こう話すのは、香川県の老舗日本茶専門店を継いだ3代目の若手社長。丁寧な手作業でお茶をつくる女性たちの姿を伝え、地域性や原材料への理解につなげたいと考えます。そして、茶葉の昔ながらのパッケージを、「お茶摘みのおばちゃん」の可愛いイラストと活動を伝える写真のものに一新し、生産者にもお客さまにも喜ばれる人気のお茶へと生まれ変わらせました。
このエピソードは、当社グループのコーポレートサイトで連載しているインタビュー企画、「ブランドたまご」でご紹介したものです。博報堂の若手社員たちが、新しいブランドの担い手の方たちを訪ね、ブランドづくりのヒントとなるような発見や気づきを探り、発信しています。ここで言う新しいブランドとは、数年以内に生まれ、日本各地に古くからある素材や技術、商品や産業を活かしながら、新しい発想で革新を起こしているものです。
冒頭の方のほかにも、醸造業から視点を昇華させ、保存食をつくろうと「乾燥」に着目し、ハート型の乾燥レモンとティーバッグのセットが人気を博した、山口県にある醸造業の8代目社長。擦って火をつけるというマッチの行為そのものに着目し、擦って火をつけるお香の開発に結びつけた、神戸のマッチ会社の若き社長など。
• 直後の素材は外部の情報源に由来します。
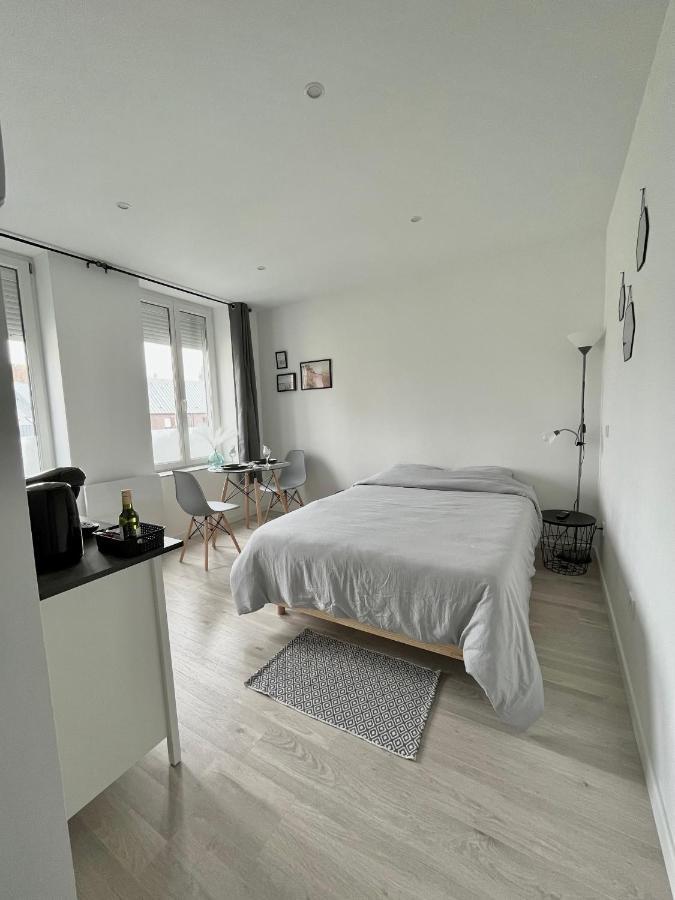 Onyx D'opale Apartment Calais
伝統を守りながら革新を起こした方たちにご登場いただいています。
それぞれの成功では、社会にとって有意義な、魅力ある個性=らしさのあるブランドをつくる上で大切な要素がおさえられています。その大切な要素とは「志・形・属」の3つです。ブランドの理念やビジョン、将来像を表す「志(こころざし)」。ブランドらしさを体現する象徴的な商品やサービスを表す「形(かたち)」。さらにブランドに共感し、応援するサポーターやコミュニティにも着目した「属(ぞく)」です。
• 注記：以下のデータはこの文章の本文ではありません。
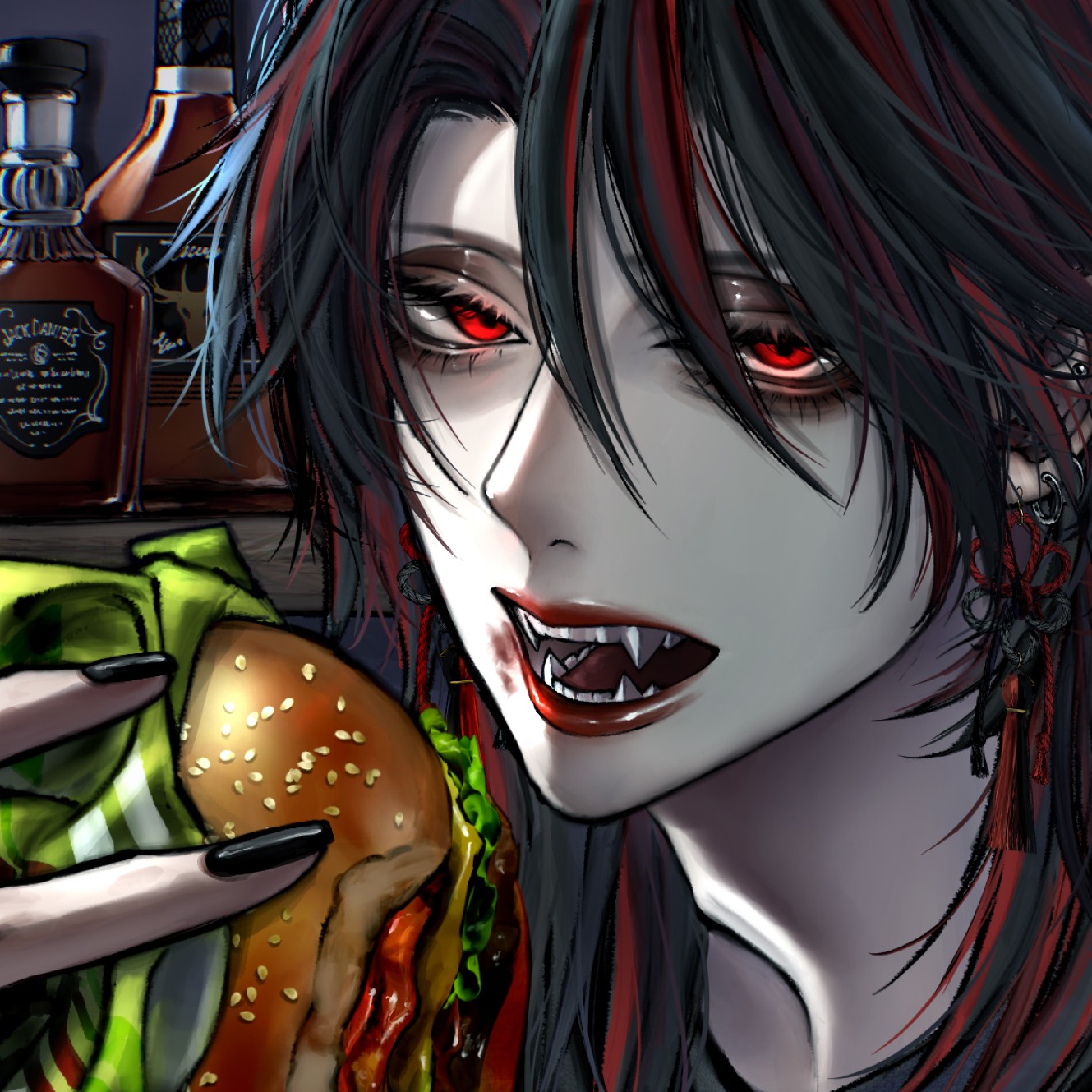  𝘙𝘢𝘬𝘦【‪🐹🐱】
世界で生まれる最先端のイノベーションから学ぶことは、もちろん沢山あります。一方で「ブランドたまご」でご紹介した、伝統を守りながら革新を起こした方たちは、「志・形・属」を具現化して新たなブランドを生み出しました。自分たちが受け継いできた事業の志を振り返り、未来へ思いを馳せる。伝統的な技術や素材の魅力を見つめなおす。地域や周囲の方たちと築いてきた絆を大切にする。そして、新たな発想を形にする。そこから、日本流のイノベーションは生まれてくるのかもしれません。